Dalam rangka memperingati Hari Disabilitas Internasional 2023, Kementerian Pendidikan, Kebudayaan, Riset, dan Teknologi (Kemendikbudristek) melalui Pusat Penguatan Karakter (Puspeka), menggaungkan semangat inklusivitas (kesetaraan gender dan disabilitas) melalui Temu Sahabat Karakter dengan tema "United in Action to Rescue and Achieve the SDGs for, with and by persons with Disabilities".

Saat ini, lebih dari 36.000 satuan pendidikan di Indonesia telah menyelenggarakan pendidikan inklusif.

Kepala Puspeka, Rusprita Putri Utami, menjelaskan penyelenggaraan pendidikan inklusif berupaya mewujudkan akses setara di bidang pendidikan.

Hal ini diatur ke dalam UUD 1945 Pasal 28H ayat (2) yang menyebutkan setiap orang berhak mendapat kemudahan dan perlakuan khusus untuk memperoleh kesempatan dan manfaat yang sama guna mencapai persamaan dan keadilan.

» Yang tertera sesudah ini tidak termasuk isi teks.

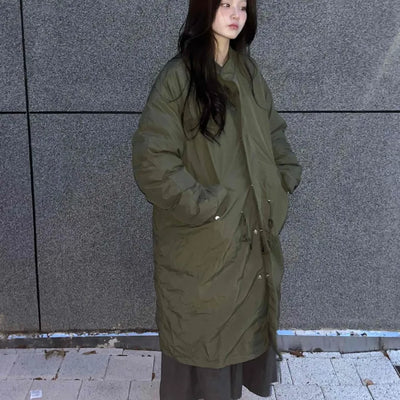 Urban Quilted Snap Button Oversized Long Padded Jacket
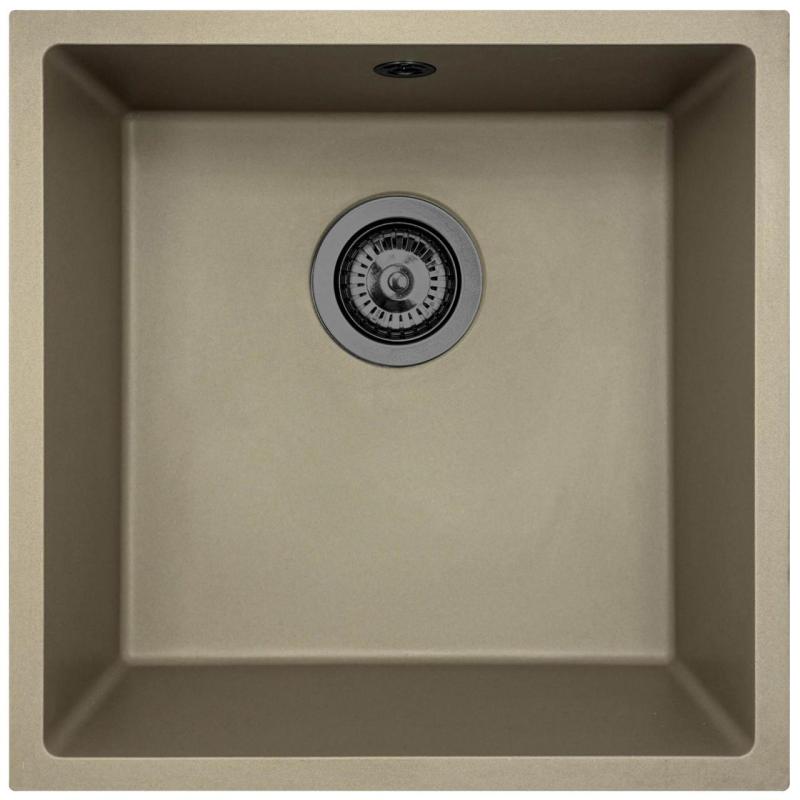 GraniteMy Universal Taupe Γρανιτένιος Νεροχύτης 40x40 cm επιτραπέζιος, υποκατασκευή και ενσωματωμένος με gun metal τάπα - 1208967913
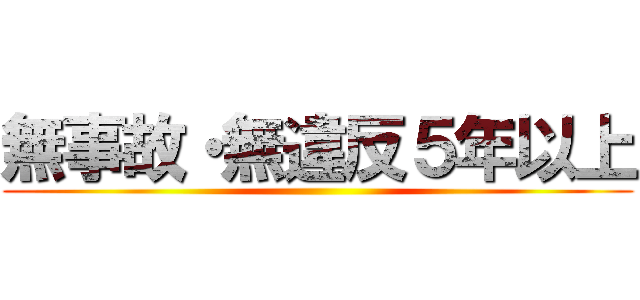 無事故・無違反５年以上 ()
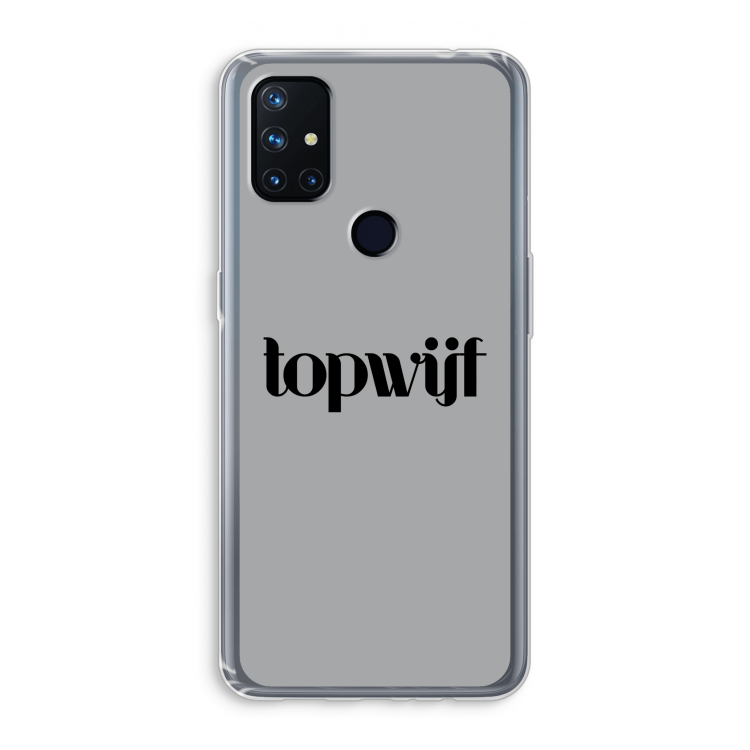 Topwijf Grijs Zwart: OnePlus Nord N10 5G Transparant Hoesje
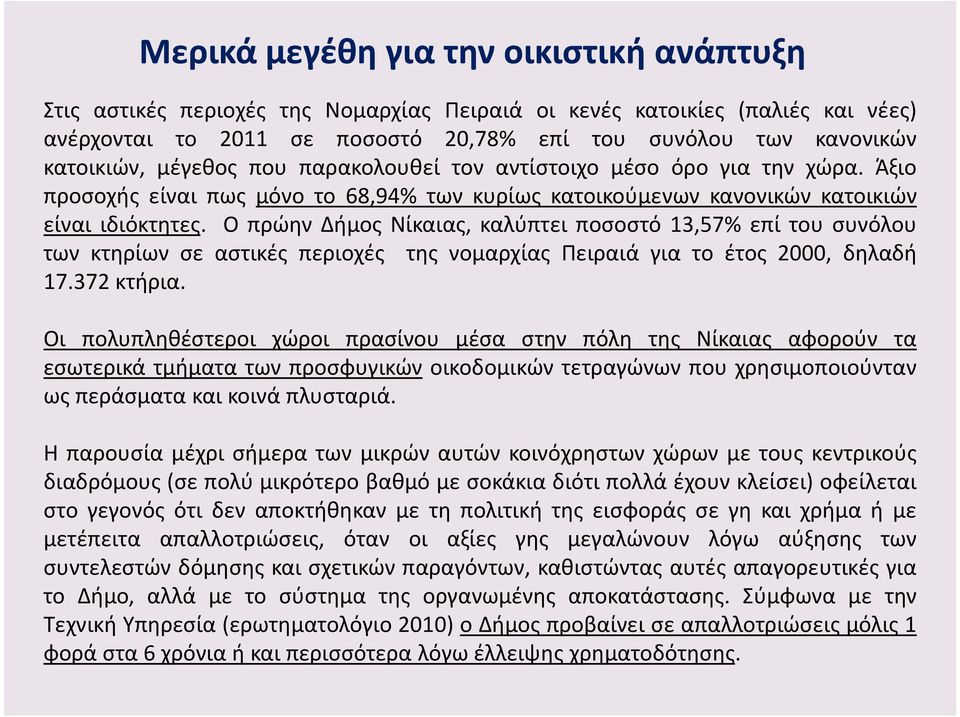 Ο πρώην Δήμος Νίκαιας, καλύπτει ποσοστό 13,57% επί του συνόλου των κτηρίων σε αστικές περιοχές της νομαρχίας Πειραιά για το έτος 2000, δηλαδή 17.372 κτήρια.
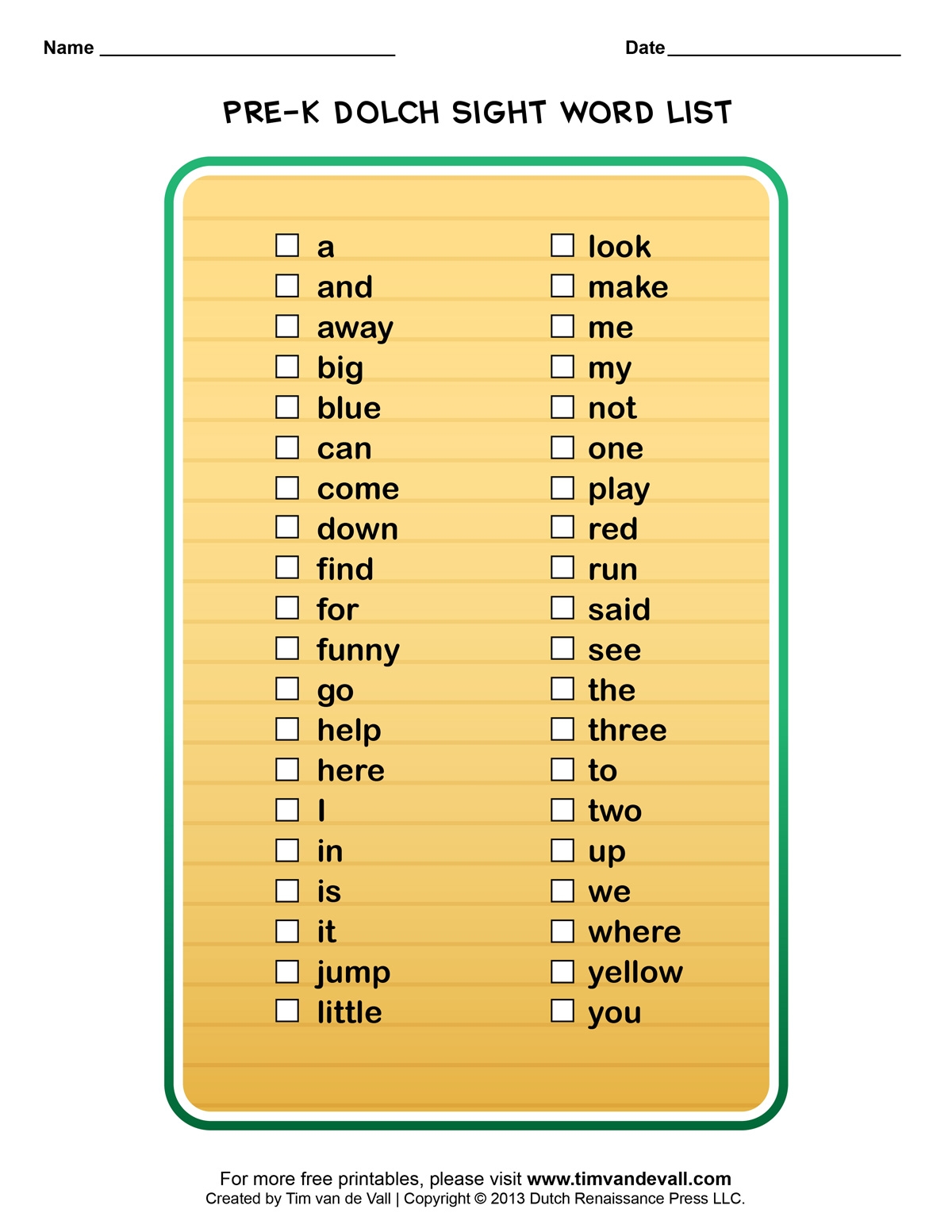 Dolch Sight Words Lists For Pre K Kindergarten 1st 2nd U0026 3rd Grade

Sehingga, lanjut Rusprita, kegiatan Temu Sahabat Karakter berupaya untuk menggaungkan semangat inklusivitas.

“Melalui kegiatan Temu Sahabat Karakter hari ini, kami mengajak Bapak, Ibu, adik-adik semua untuk bergerak bersama dalam menggaungkan inklusivitas,” ungkapnya, Minggu (3/12).

“Mari, kita jadikan peringatan ini sebagai momentum untuk menegaskan kepedulian dan solidaritas dalam meletakkan prinsip dasar inklusivitas yaitu No One Left Behind,” lanjutnya.

Peringatan Hari Disabilitas Internasional, ujar Rusprita, merupakan bentuk pengakuan seluruh masyarakat di dunia terhadap penyandang disabilitas, peneguhan komitmen seluruh bangsa, dan membangun kepedulian guna mewujudkan kemandirian dan kesejahteraan teman-teman disabilitas.

Rusprita mengajak para peserta untuk turut menerapkan nilai-nilai Profil Pelajar Pancasila guna mewujudukan iklim inklusivitas. "Mari bersama mewujudkan iklim inklusivitas bagi teman-teman disabilitas dengan membangun karakter kita melalui perwujudan Profil Pelajar Pancasila,” terang Rusprita. Komisi Nasional Disabilitas (KND), Kikin Tariban turut menghadiri perhelatan ini.

Ia mengapresiasi terhadap upaya kolaborasi untuk penguatan karakter bagi para pemangku kepentingan di bidang pendidikan untuk para penyandang disabilitas. “Perlu disadari dan dipahami makna Hari Disabilitas Internasional sebenarnya adalah saat di mana kita secara sadar sudah memberikan dan mengakui hak-hak para penyandang disabilitas,” tegas Kikin.